E o jejum? Como fazê-lo?
É suficiente atuar segundo o seguinte principio: fazer apenas uma refeição
completa, todas as outras devem ser incompletas e sem o lanchinho da tarde. Na
prática: um cafezinho simples, almoço normal, sem lanche e, em lugar do jantar,
um lanchinho. E quem quiser fazer mais do que isso? É só fazer. Contudo, é
importante que o nosso jejum não diminua a intensidade do nosso trabalho e a
nossa atenção caridosa para com os outros. Fazer jejum a pão e água, mas ficar
mal humorado e trabalhar sem vibração seria um contrassenso.
O tempo da Quaresma é o
momento oportuno para que olhemos mais profundamente para o Mistério da Cruz.
Olhar para a Cruz, contemplar esse Mistério é ir ao porquê de tudo aquilo que
nós faremos durante a Quaresma. As orações, os jejuns e esmolas têm sentido
porque nos põem em contato com a Cruz do Senhor. Além do mais, nós recebemos do
Mistério da Cruz a força para unir-nos à mesma Cruz, ou seja, aquilo que Deus
nos pede, ele nos concede: Deus pede que rezemos? Ele nos dá a graça da oração.

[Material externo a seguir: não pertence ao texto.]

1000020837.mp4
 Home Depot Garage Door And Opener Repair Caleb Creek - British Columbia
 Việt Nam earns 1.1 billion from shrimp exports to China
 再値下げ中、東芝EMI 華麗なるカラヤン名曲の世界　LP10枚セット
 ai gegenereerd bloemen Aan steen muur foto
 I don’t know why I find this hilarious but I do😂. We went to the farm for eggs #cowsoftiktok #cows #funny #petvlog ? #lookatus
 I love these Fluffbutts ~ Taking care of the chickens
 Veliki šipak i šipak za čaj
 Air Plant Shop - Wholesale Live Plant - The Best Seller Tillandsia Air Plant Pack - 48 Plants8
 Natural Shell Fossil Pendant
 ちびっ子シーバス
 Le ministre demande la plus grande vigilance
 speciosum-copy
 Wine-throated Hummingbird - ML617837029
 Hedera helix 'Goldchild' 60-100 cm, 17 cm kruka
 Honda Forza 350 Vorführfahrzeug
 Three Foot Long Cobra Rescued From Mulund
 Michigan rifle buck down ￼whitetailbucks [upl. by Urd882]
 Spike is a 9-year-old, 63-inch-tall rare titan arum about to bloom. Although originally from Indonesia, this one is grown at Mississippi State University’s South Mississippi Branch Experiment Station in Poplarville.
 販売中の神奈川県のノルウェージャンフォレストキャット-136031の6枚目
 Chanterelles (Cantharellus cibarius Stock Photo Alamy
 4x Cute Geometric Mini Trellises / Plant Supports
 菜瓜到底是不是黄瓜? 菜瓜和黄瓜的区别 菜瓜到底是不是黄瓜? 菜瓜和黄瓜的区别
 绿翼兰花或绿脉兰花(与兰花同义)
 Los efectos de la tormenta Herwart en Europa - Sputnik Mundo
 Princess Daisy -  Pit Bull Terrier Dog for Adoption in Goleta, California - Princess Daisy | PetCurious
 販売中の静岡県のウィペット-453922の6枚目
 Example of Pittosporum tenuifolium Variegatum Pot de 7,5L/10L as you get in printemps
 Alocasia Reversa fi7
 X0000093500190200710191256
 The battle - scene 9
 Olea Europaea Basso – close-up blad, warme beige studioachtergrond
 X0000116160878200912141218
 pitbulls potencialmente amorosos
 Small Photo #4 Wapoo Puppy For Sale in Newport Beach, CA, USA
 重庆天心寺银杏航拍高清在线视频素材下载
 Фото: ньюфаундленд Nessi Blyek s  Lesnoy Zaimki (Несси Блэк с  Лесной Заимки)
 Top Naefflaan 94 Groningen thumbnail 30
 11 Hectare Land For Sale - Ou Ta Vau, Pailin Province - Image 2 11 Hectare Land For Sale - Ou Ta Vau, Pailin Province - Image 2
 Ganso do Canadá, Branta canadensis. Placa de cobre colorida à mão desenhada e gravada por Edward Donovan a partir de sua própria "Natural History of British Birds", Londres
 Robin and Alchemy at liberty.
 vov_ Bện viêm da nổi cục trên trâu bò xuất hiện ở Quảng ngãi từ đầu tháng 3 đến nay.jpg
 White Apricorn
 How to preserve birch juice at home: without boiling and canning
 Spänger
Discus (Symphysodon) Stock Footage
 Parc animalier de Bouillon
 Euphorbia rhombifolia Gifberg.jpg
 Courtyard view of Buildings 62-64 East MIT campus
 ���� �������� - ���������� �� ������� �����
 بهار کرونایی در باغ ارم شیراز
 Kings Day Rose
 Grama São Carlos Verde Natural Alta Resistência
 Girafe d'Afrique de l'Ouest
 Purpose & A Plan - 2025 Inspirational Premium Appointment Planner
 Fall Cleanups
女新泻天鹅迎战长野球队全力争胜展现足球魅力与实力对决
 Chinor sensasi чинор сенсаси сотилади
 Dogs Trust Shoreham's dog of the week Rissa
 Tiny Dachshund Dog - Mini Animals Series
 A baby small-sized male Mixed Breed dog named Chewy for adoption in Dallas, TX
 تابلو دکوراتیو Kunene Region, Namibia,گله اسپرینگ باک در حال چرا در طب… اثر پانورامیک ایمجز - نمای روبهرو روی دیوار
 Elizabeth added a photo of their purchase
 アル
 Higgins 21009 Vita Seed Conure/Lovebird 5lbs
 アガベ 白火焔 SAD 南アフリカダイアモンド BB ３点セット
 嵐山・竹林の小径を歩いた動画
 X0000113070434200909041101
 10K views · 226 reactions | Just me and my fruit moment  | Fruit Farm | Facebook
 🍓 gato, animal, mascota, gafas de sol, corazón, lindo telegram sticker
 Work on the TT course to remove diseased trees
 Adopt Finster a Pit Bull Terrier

Deus nos pede que façamos penitência? Ele nos dá a graça para realizá-la? Deus
pede que partilhemos e que não sejamos egoístas? Ele nos dá a graça da
generosidade e da esmola. O que está por detrás de tudo isso é a primazia da
graça de Deus na nossa vida. Quando dirigimos o nosso olhar contemplativo ao
mistério da Cruz do Senhor surge em nós o desejo de fazer aquilo que São Paulo
fazia: “o que falta às tribulações de Cristo, completo na minha carne, por seu
corpo que é a Igreja” (Cl 1,24).
Desta maneira, se pode
viver num autêntico espírito de penitência, isto é, com uma disposição
permanente em provocar a morte –através da penitência– de tudo aquilo que nos
separa de Deus. Ao mesmo tempo aprenderemos a oferecer ao Senhor as diversas
dificuldades, dores e tribulações com sentido de expiação, reparação e
intercessão.
Nesta Quaresma, Deus nos
ajudará também a fugir do que poderíamos chamar “espiritualidade intimista”.
Egoísmo e cristianismo são incompatíveis. Mantenhamos o olhar e o coração
aberto às necessidades dos outros. A esmola da qual tanto se fala durante esse
tempo litúrgico se refere exatamente a essa abertura aos outros. Além da ajuda
material, talvez uma das coisas que os outros mais apreciam seja o nosso perdão
acompanhado da compreensão fraterna. Nunca será exagerado recordar aquilo que
dizia Santo Tomás: “a dissensão nas pequenas coisas não vai contra a caridade
se existe concórdia nas principais”. Compreender! Compreender! Compreender!